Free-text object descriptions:
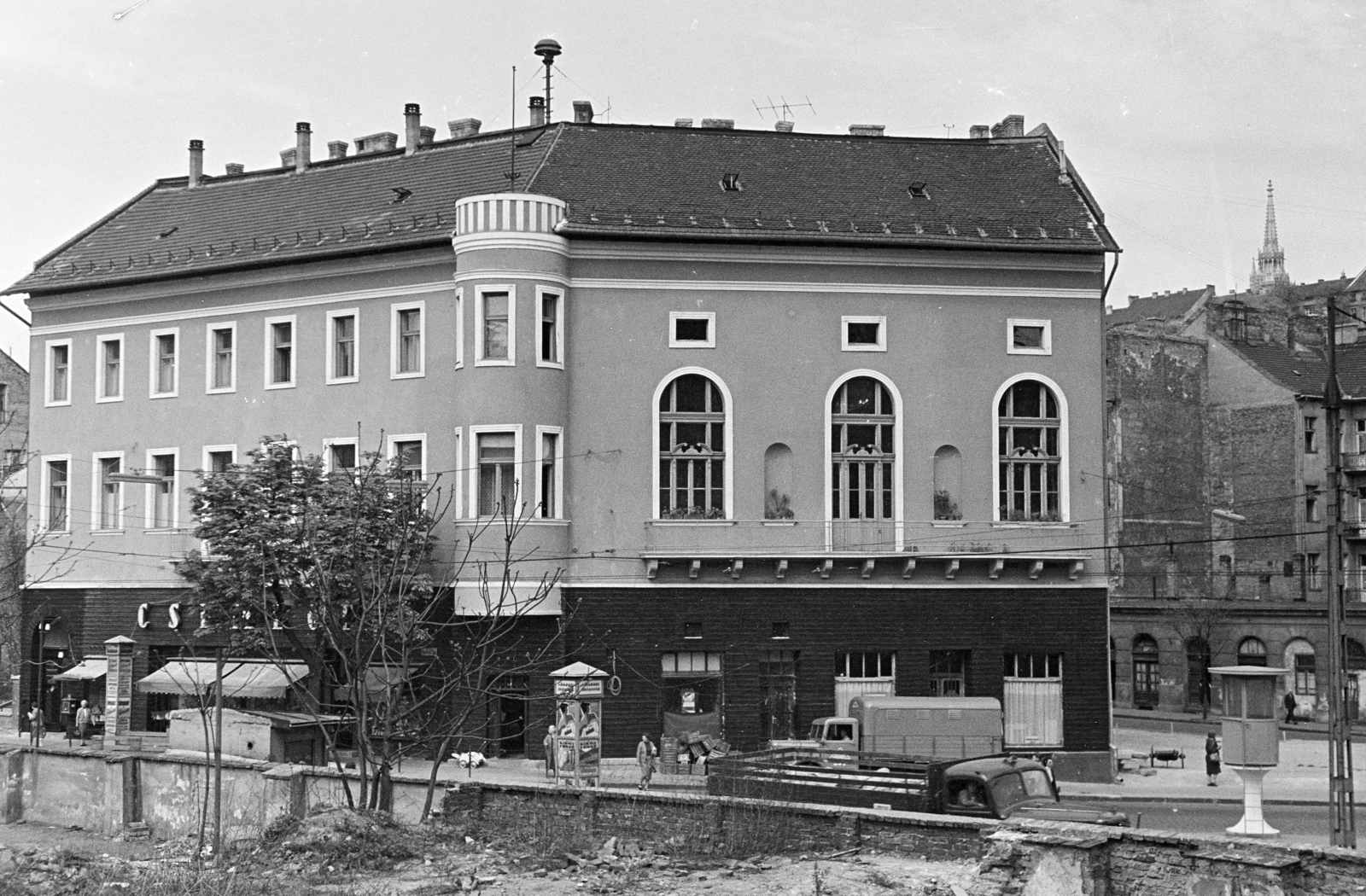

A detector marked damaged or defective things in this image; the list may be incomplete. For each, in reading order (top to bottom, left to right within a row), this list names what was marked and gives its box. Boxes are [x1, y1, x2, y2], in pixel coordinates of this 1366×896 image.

damaged building facade [8, 102, 1120, 776]
damaged building facade [1103, 184, 1366, 721]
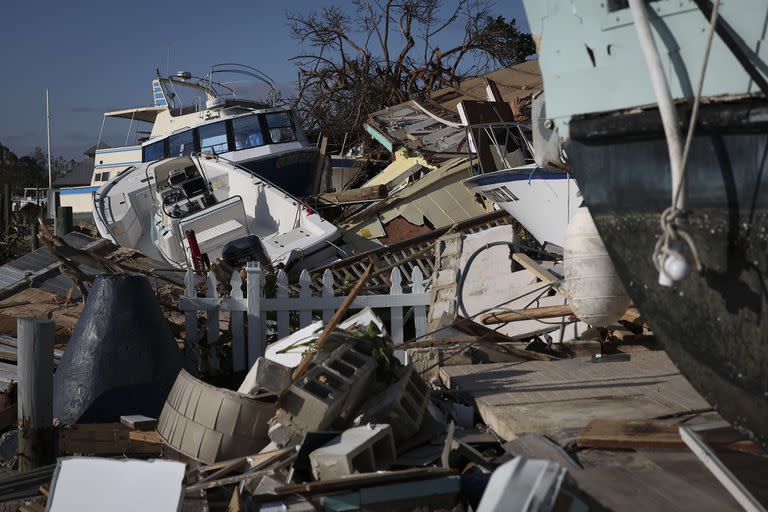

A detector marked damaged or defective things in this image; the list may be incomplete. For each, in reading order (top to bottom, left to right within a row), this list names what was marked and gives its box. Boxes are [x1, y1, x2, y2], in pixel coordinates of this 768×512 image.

broken fence [180, 264, 432, 372]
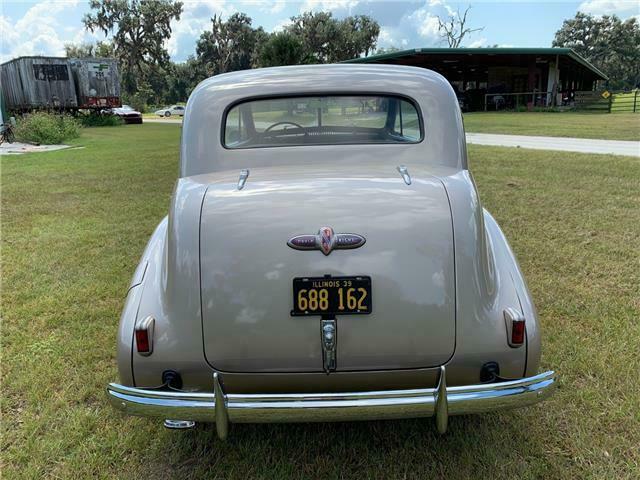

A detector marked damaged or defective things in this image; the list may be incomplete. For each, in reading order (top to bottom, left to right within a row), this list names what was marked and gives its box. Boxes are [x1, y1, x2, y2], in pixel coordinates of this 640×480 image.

rusty metal siding [0, 56, 78, 109]
rusty metal siding [69, 58, 120, 107]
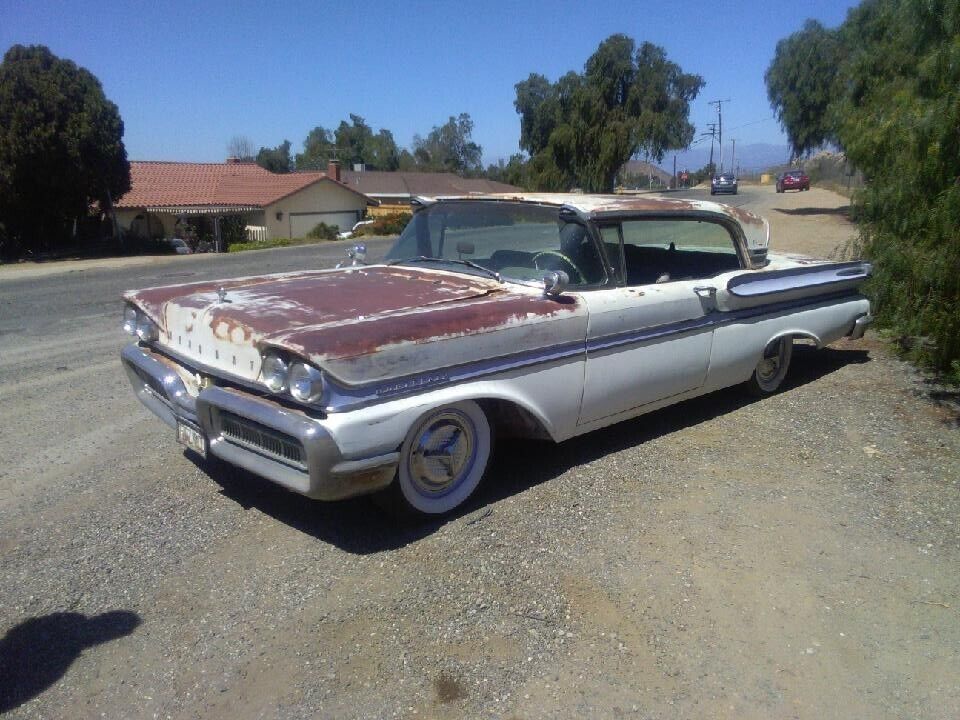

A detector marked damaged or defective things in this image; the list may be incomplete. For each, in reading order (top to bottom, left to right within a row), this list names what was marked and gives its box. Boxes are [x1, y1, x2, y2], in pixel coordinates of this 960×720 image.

rusty hood [124, 264, 580, 386]
white and rust car [120, 194, 872, 516]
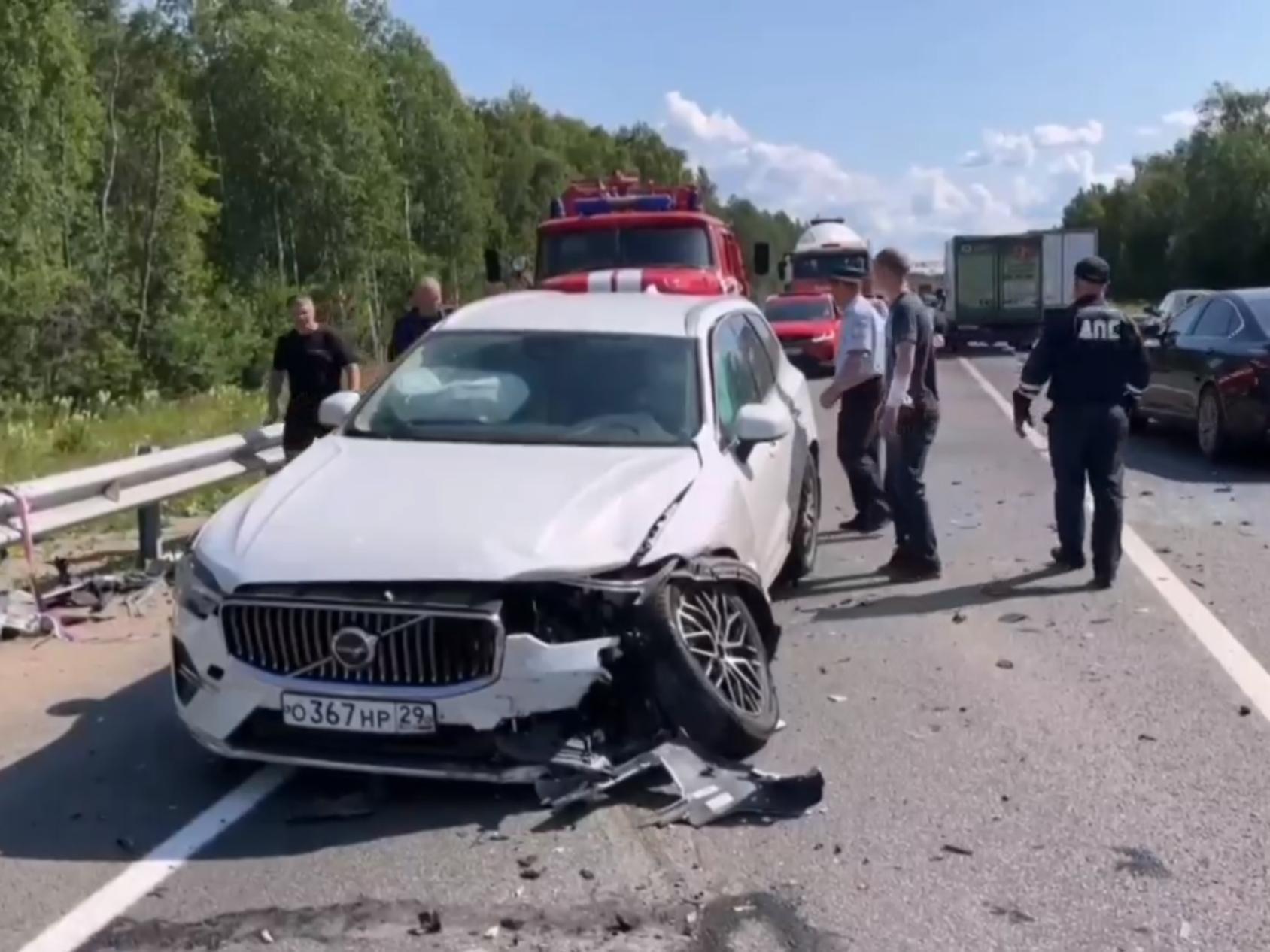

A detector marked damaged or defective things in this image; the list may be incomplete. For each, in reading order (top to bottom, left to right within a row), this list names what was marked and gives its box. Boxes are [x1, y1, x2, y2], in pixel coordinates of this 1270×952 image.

» About this exercise
Starting with the line that has "this 768×512 image." and ending with the last line of the records, retype every line exactly and only those lines. Do not include the pictures.

» Your solution
A detector marked damaged or defective things in this image; the list may be incomplete. For each, in reading order (top to bottom, left to right within a row), this list names what was marked and gives its box. Boxes are [x1, y1, x2, y2], in pixel coordinates of this 768×512 image.

broken fence [180, 264, 432, 372]

A detector marked damaged or defective things in this image; the list may be incomplete. For each, in reading order (top to bottom, left to right within a row), this list names what was marked and gives its box. Boxes are [x1, y1, x2, y2], in pixel coordinates of this 640×480 image.

rusty metal siding [0, 56, 78, 109]
rusty metal siding [69, 58, 120, 107]

A detector marked damaged or defective things in this image; the list may be incomplete. For each, in reading order (top to bottom, left to right within a row), this list names what was marked and gives its box. Boxes are [x1, y1, x2, y2], in pixel coordinates of this 960×720 image.

rusty hood [124, 264, 580, 386]
white and rust car [120, 194, 872, 516]

A detector marked damaged or defective things in this image; the list may be incomplete. For each, in reading order (top to bottom, left to right within a row), this list names what was marked and gives its box. Boxes are [x1, y1, x2, y2], in pixel coordinates of this 1270×952 image.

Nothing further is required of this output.